Those who wish to spy and steal on the Internet continuously hit a wall when it comes to crypto algorithms, leaving no alternative but to find a way to subvert the technology in order to reach their targets.

In response, security and privacy experts, as well as cryptographers, have urged companies to turn HTTPS on by default for web-based services such as email and social networking. A group of researchers from UC Berkeley, however this week published a paper, that explains new attacks that aid in the analysis of encrypted traffic to learn personal details about the user, right down to possible health issues, financial affairs and even sexual orientation.
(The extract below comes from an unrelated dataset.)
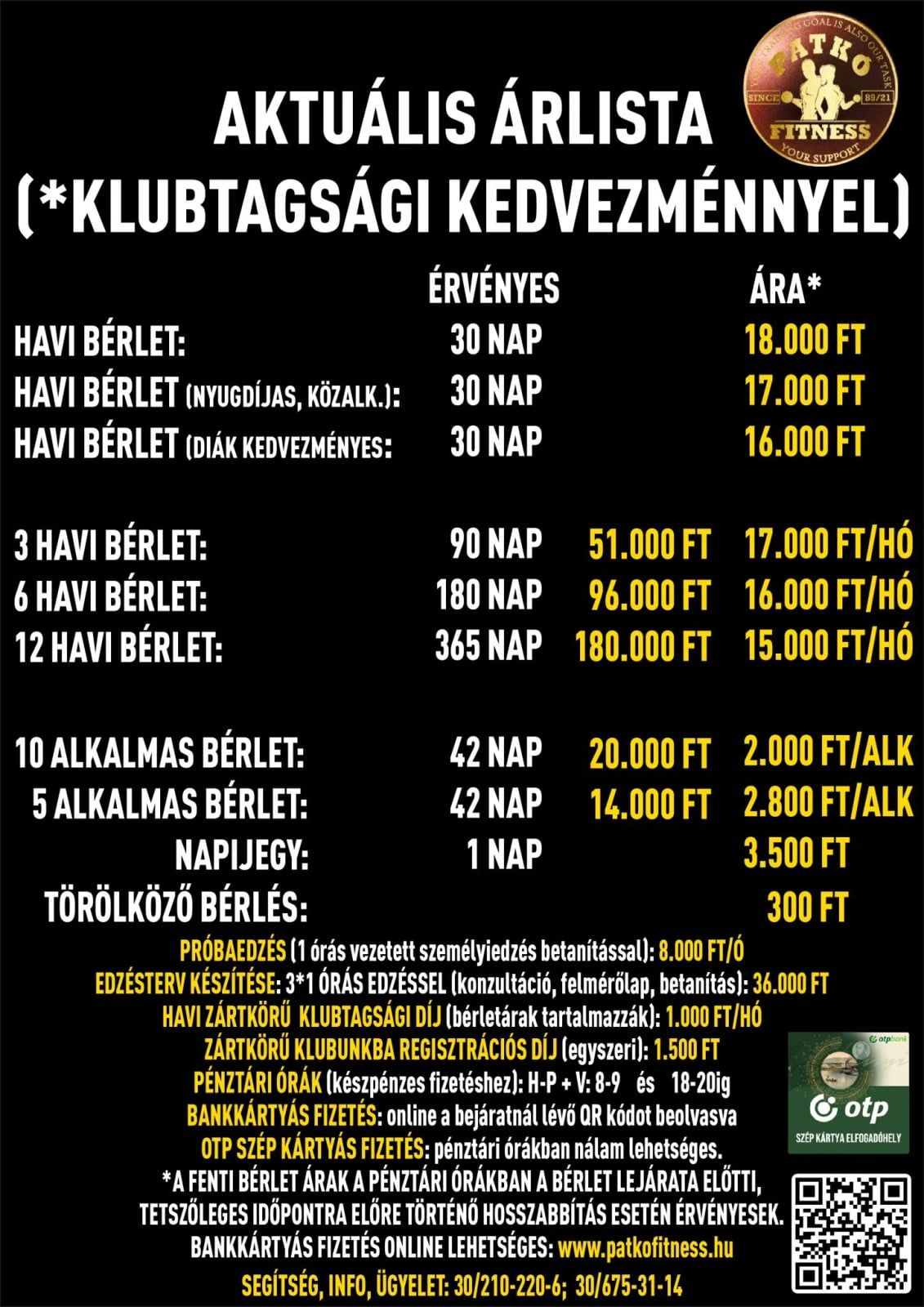 Patkó Fitness információs tábla az árakkal és a nyitvatartással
The paper “I Know Why You Went to the Clinic: Risks and Realization of HTTPS Traffic Analysis” builds on previously successful research on SSL traffic analysis, Tor and SSH tunneling exposing vulnerabilities in HTTPS leading to precise attacks on the protocol that expose sensitive personal information.

The researchers—Brad Miller, Ling Huang, A.D. Joseph and J.D. Tygar—developed new attack techniques they tested against 600 leading healthcare, finance, legal services and streaming video sites, including Netflix. Their attack, they said in the paper, reduced errors from previous methodologies more than 3 ½ times. They also demonstrate a defense against this attack that reduces the accuracy of attacks by 27 percent by increasing the effectiveness of packet level defenses in HTTPS, the paper said.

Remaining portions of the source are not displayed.